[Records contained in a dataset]

************

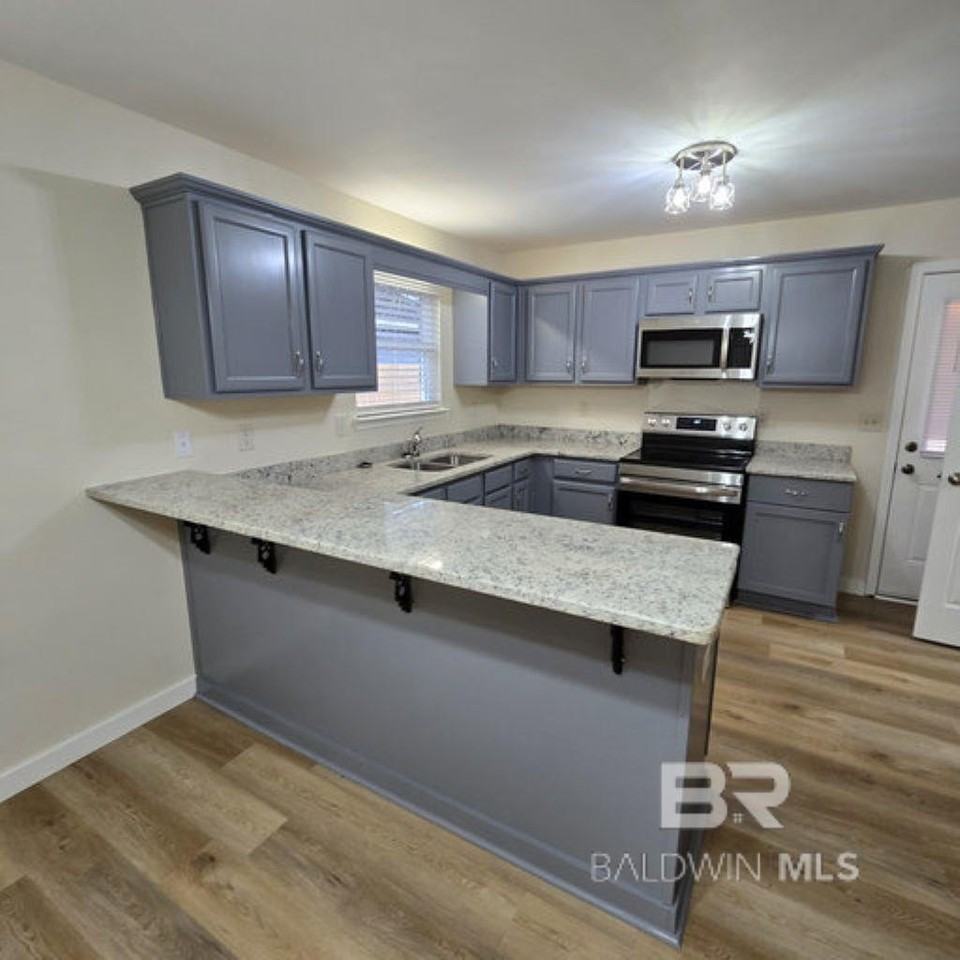 24296 Gemstone Dr - Photo 5 of 19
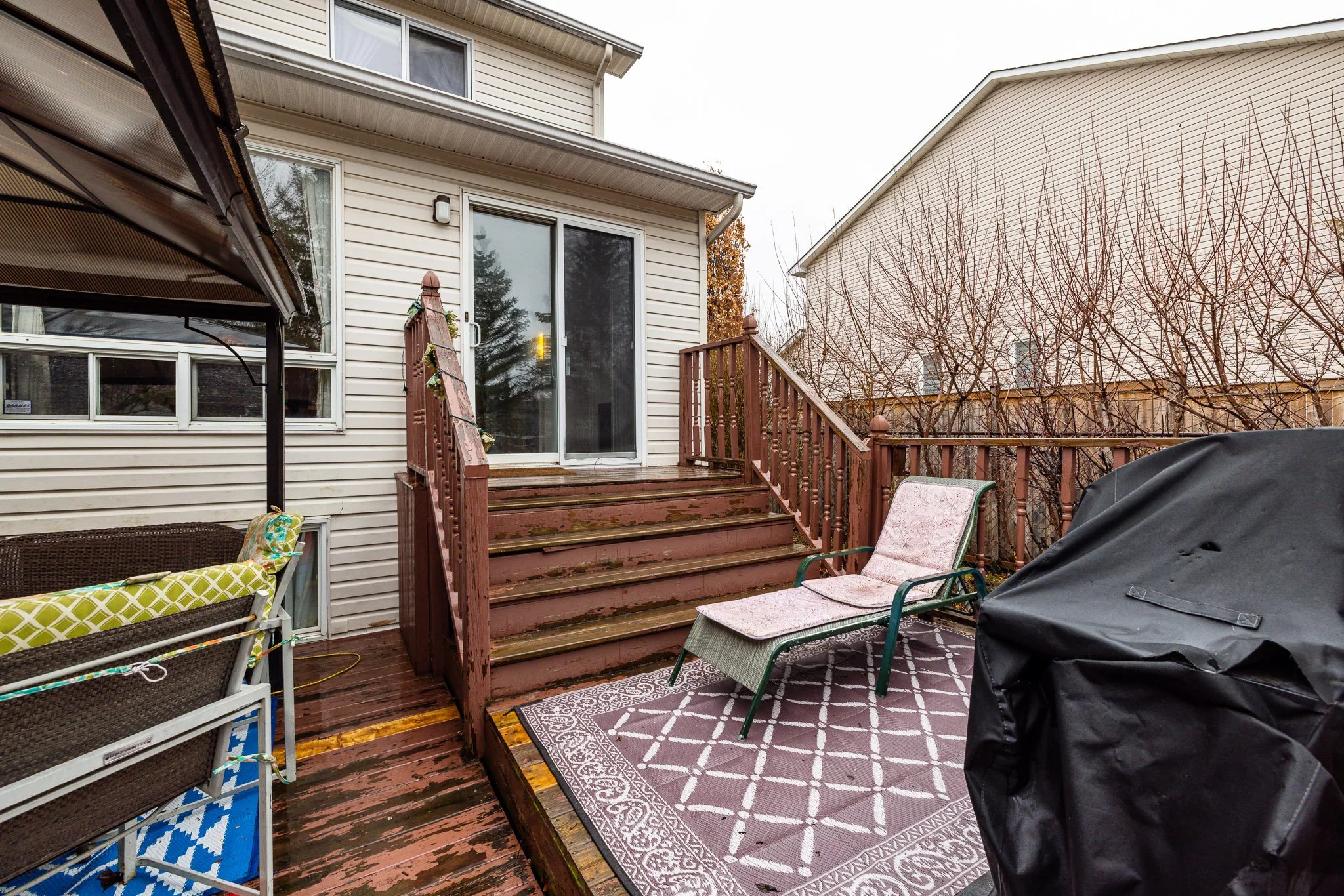 1893 Hennessy_033.jpg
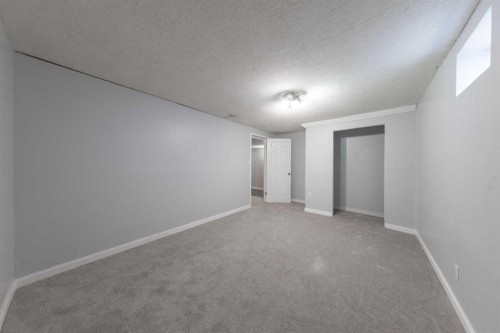 3403 55 Avenue, Lloydminster, AB - Indoor Photo Showing Other Room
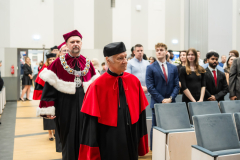 Eng_graduation_4059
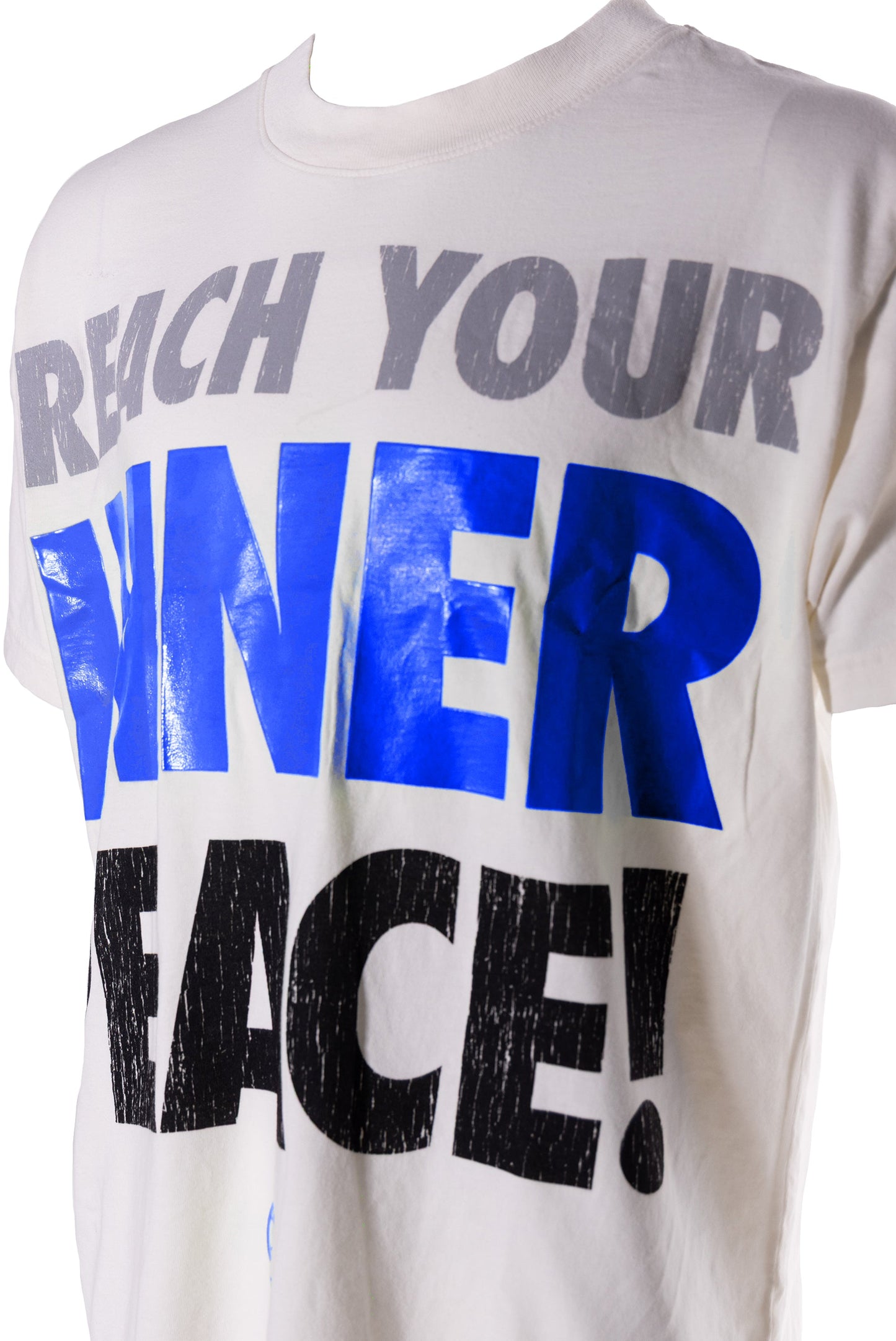 Inner Peace T-Shirt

************

Please repeat the data above exactly as it appears, pictures excluded.

ANSWER TO THIS EXERCISE —
 24296 Gemstone Dr - Photo 5 of 19
 1893 Hennessy_033.jpg
 3403 55 Avenue, Lloydminster, AB - Indoor Photo Showing Other Room
 Eng_graduation_4059
 Inner Peace T-Shirt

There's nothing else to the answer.